Material for this task:
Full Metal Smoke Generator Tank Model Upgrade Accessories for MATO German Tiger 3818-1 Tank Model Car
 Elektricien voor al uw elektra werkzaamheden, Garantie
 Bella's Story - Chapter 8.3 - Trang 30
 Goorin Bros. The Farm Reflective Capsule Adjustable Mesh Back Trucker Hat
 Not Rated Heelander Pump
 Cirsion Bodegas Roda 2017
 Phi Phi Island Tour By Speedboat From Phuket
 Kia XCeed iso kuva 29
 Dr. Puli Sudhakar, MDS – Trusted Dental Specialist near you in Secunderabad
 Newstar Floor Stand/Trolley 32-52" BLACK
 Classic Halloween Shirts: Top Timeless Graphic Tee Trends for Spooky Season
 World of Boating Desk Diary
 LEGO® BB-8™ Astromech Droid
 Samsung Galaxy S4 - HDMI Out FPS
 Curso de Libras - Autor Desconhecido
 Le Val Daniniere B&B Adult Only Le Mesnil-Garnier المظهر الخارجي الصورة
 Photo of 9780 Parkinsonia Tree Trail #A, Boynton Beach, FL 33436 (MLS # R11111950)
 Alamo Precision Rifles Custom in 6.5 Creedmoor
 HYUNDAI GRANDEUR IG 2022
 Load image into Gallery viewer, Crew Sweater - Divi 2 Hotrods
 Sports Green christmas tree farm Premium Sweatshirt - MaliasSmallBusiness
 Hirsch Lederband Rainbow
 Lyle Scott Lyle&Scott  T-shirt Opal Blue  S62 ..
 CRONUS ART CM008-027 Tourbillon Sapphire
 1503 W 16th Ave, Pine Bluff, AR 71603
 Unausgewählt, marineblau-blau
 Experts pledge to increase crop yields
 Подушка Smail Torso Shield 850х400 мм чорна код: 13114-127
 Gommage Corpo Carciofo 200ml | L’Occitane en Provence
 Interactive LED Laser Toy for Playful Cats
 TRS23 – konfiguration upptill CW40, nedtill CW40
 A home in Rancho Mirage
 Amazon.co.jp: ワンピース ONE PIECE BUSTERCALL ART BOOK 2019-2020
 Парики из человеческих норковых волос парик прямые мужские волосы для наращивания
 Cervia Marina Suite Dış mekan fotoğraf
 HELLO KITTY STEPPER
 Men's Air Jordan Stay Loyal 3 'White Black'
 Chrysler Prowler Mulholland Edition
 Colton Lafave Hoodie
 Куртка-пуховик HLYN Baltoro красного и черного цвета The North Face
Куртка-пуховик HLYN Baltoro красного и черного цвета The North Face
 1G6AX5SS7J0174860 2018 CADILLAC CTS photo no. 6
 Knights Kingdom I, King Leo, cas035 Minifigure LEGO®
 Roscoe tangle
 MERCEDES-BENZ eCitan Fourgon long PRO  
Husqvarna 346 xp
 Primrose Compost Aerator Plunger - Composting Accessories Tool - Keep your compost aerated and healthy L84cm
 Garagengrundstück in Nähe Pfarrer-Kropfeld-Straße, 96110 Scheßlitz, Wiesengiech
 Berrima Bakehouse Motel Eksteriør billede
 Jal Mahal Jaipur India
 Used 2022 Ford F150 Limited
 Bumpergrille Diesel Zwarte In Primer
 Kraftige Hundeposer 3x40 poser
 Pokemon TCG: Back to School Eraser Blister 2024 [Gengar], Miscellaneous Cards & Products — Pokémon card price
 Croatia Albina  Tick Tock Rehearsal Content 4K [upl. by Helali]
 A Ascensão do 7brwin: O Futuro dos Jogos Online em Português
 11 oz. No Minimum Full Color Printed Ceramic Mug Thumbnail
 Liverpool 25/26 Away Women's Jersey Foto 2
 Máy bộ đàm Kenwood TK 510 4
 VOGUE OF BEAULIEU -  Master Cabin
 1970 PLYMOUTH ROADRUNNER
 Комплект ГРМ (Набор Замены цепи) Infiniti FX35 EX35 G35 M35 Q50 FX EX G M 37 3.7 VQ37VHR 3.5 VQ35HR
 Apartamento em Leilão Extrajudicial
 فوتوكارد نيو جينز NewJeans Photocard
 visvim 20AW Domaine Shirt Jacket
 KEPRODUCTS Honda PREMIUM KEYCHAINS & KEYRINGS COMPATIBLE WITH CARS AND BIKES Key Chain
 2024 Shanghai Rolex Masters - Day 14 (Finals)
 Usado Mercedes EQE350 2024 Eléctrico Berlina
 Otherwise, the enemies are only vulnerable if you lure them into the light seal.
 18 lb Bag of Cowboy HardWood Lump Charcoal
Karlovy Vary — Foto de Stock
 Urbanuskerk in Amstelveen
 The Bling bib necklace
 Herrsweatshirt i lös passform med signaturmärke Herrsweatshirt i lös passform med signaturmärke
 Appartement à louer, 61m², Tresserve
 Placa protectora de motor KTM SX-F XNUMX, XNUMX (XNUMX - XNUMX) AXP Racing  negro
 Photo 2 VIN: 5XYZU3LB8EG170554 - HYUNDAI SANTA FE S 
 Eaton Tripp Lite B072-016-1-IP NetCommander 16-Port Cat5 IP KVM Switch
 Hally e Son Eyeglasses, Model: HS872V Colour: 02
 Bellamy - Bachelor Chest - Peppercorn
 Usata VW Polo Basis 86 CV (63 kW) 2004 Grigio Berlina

Task brief: Every line of the material that includes the word "красного" needs to be copied.

Response area:
 Куртка-пуховик HLYN Baltoro красного и черного цвета The North Face
Куртка-пуховик HLYN Baltoro красного и черного цвета The North Face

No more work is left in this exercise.